The halo with its light area and secondary image accounts for details which have no objective reality, such as bright limbs of definite width, canals paralleling the limb or dark areas, numerous light margins along dark areas and light areas in the midst of dark—abundantly exemplified in Schiaparelli's map of 1881–2.
When a ribbon-like mark has sufficient width, it must appear double; for the positive secondary image of the adjacent light areas will appear within it. To this end its apparent width to the naked eye must be some 8′ or 10′ (if eyes are alike in this dimension). In a telescope magnifying, say, 400 diameters, this width need be only a little over 1″. If the planet is 16″ in diameter (a rough average of its favorable position in recent years) this will amount to closely 10° on its surface. Now the double canals of Schiaparelli, in 1881–2, and of Perrotin and Thallon, in 1886, are frankly of this width and, I believe, are due to this cause. In any case the test to be applied is evidently the relation between the apparent width of a double and the radius of the halo illusion. The prevention of error in the future will evidently be the application of different powers to each canal, particularly a low power which will make its width appear less than 6′. This must be done with care for low powers increase the number of rays.
The halo illusion is also responsible for marginal canals. When a dark area becomes 6′ or 8′ wide, it appears double, having a light interior and dark edges. With any increase of width the dark edges, giving the effect of the marginal canals, remain. Hence along the edge of any dark area there appears a fictitious canal. Professor E. W. Maunder observed this in his excellent artificial planet study of a few years ago. I believe that high powers by reducing contrast will help to eliminate this error.
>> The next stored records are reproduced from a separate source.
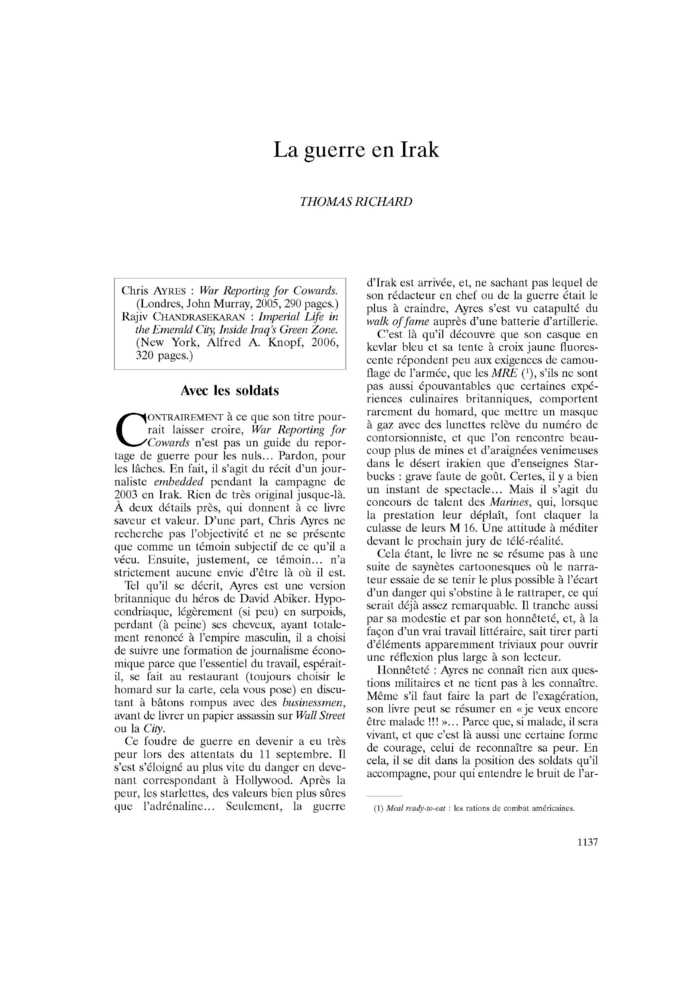 La guerre en Irak
 – page 1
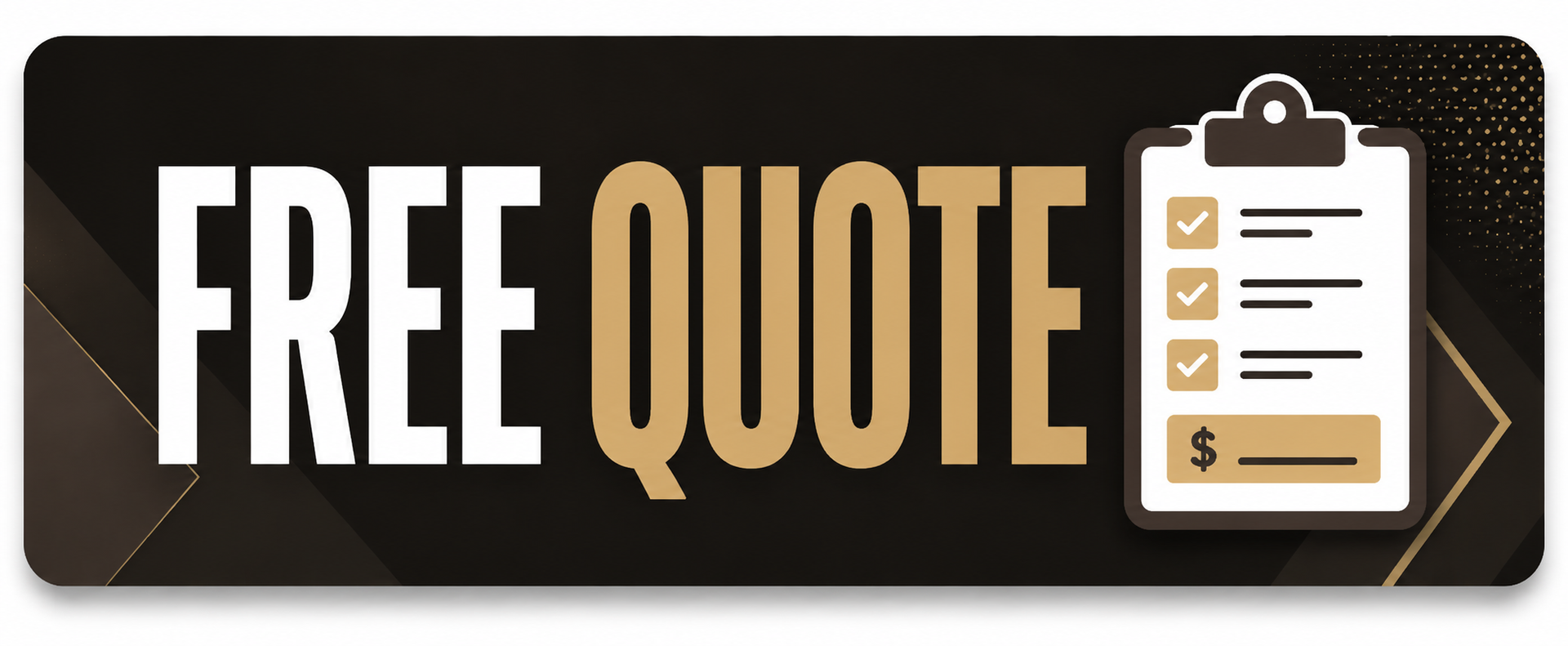 Free quote banner with bold white and gold text beside a clipboard checklist icon.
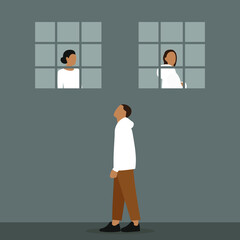 Male character looks at female characters behind bars
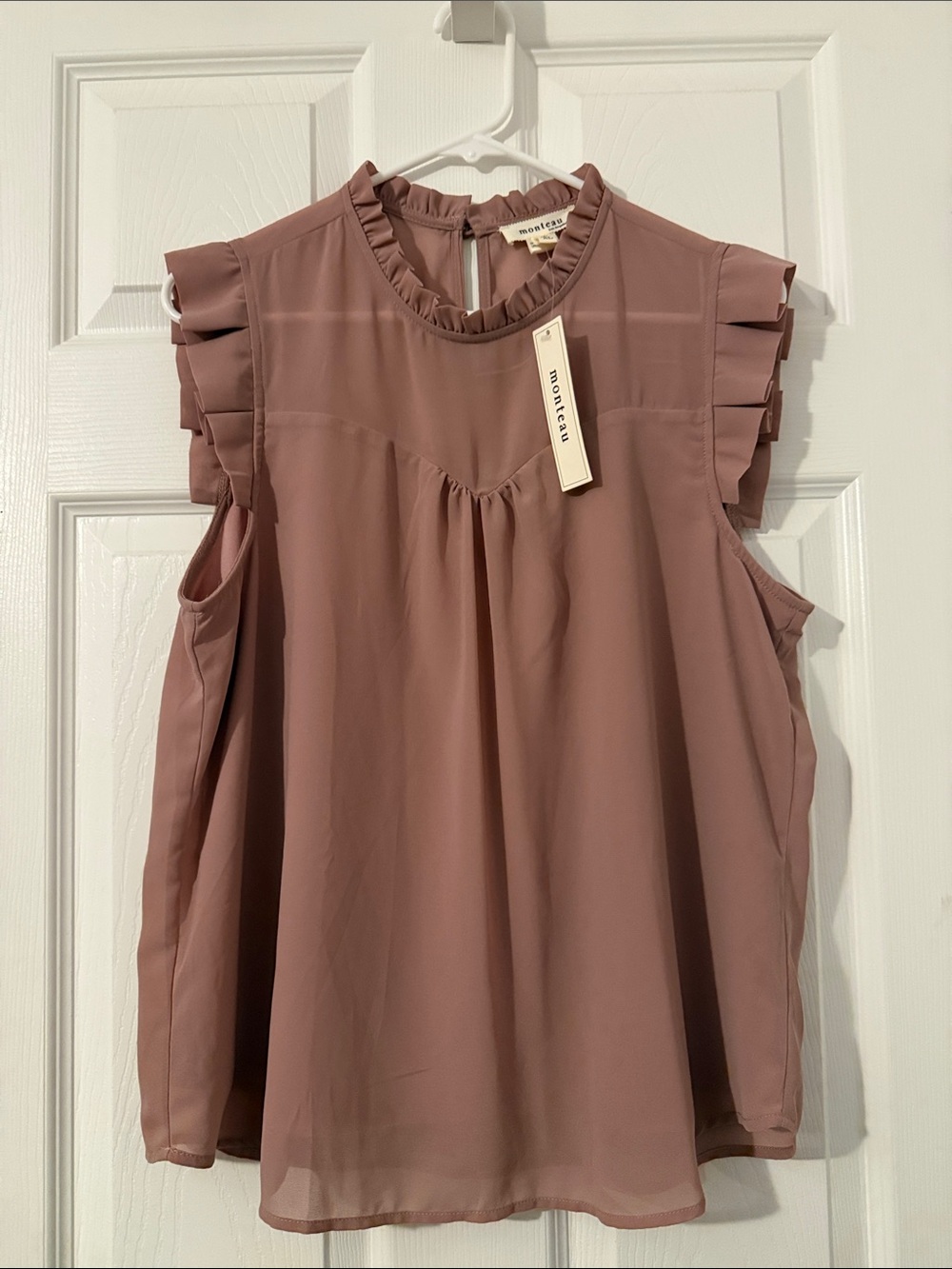 Monteau Mauve Pink Ruffle Sleeve Sleeveless Top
The mention of the chromatic rings draws attention to chromatic aberration in the eye and in the telescope. This effect in the telescope is so great that colors in a refracting telescope are not in the least trustworthy. The blue-green tint attributed to the dark areas on Mars is a product of the telescope. Its existence on our neighbor can only be verified by the use of a reflector.
Thus in conclusion we see that there are fundamental defects in the human eye producing faint canal illusions, that these have worked serious injury to our observations in the past and that in the future they may be avoided chiefly by the simple expedients of varying the position of the head and using a wide range of magnifying power.